• _TO DO_
Output every entry below exactly, without its pictures.

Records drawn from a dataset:
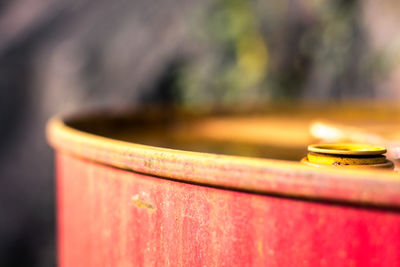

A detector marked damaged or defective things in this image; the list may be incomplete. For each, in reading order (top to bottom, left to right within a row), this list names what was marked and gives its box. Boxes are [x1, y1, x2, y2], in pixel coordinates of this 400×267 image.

rust stain [132, 194, 155, 213]
rusty metal edge [47, 115, 400, 209]
rusty metal drum [47, 105, 400, 266]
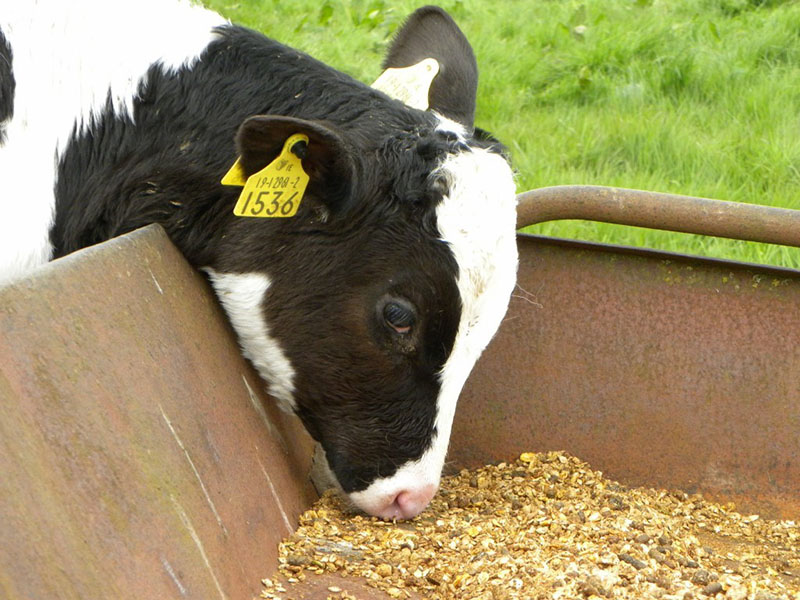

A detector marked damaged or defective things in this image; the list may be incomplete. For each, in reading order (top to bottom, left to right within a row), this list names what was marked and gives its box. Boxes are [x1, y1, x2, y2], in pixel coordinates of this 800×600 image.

rusty metal trough [0, 185, 796, 596]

• _ANSWER SECTION_
A detector marked damaged or defective things in this image; the list may be incomplete. For each, in reading order (top to bottom, left to right within a row), this list names what was marked and gives its box. Boxes are [x1, y1, x2, y2], in pixel coordinates of this 400×267 image.

rust stain [132, 194, 155, 213]
rusty metal edge [47, 115, 400, 209]
rusty metal drum [47, 105, 400, 266]

A detector marked damaged or defective things in this image; the list may be incomplete. For each, in reading order (top to bottom, left to right within a row), this list names what was marked and gives its box. Boxes are [x1, y1, x2, y2], in pixel coordinates of this 800×600 image.

rusty metal trough [0, 185, 796, 596]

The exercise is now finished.